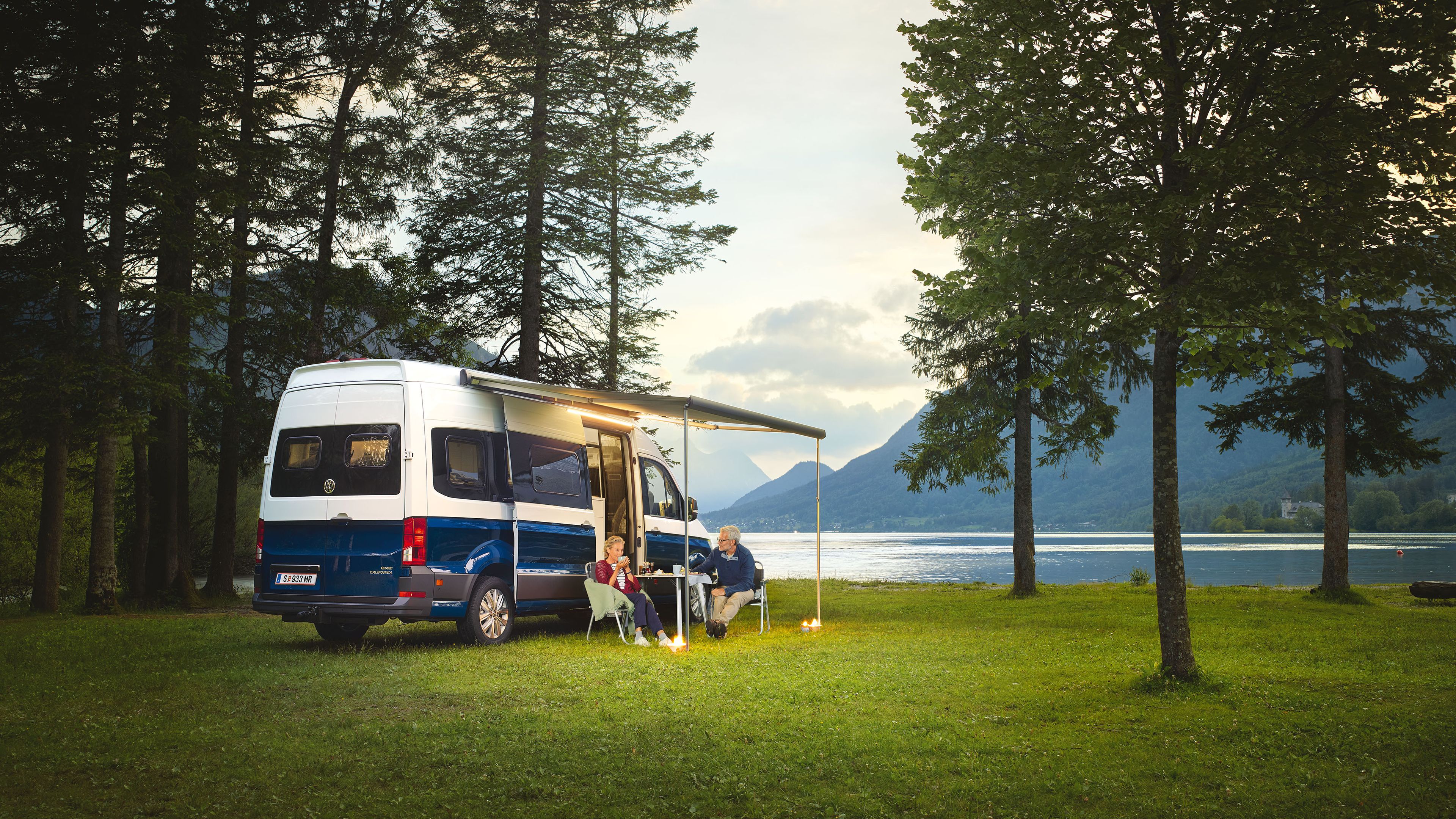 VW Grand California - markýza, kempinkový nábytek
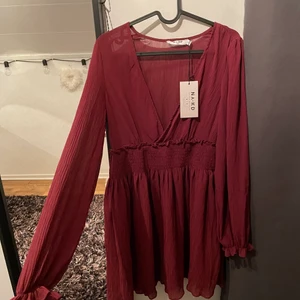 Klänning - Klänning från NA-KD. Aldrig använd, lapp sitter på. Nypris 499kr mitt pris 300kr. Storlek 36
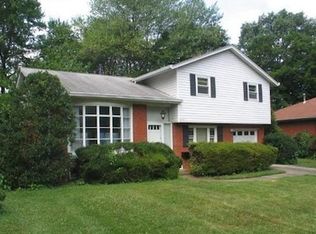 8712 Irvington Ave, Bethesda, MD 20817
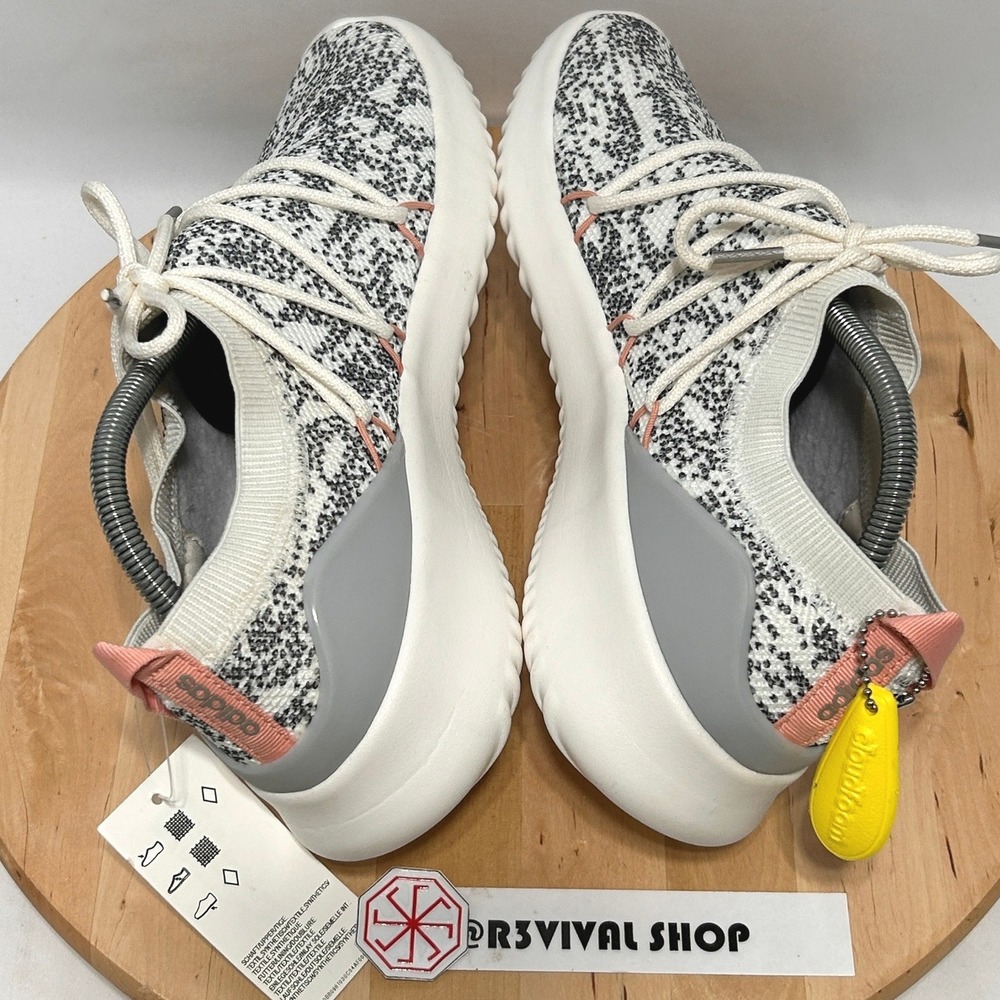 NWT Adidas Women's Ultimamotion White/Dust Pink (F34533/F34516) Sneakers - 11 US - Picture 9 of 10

____

Task goal -
The pictures are not wanted, but every line of the listing should be duplicated exactly.

Reply -
 VW Grand California - markýza, kempinkový nábytek
 Klänning - Klänning från NA-KD. Aldrig använd, lapp sitter på. Nypris 499kr mitt pris 300kr. Storlek 36
 8712 Irvington Ave, Bethesda, MD 20817
 NWT Adidas Women's Ultimamotion White/Dust Pink (F34533/F34516) Sneakers - 11 US - Picture 9 of 10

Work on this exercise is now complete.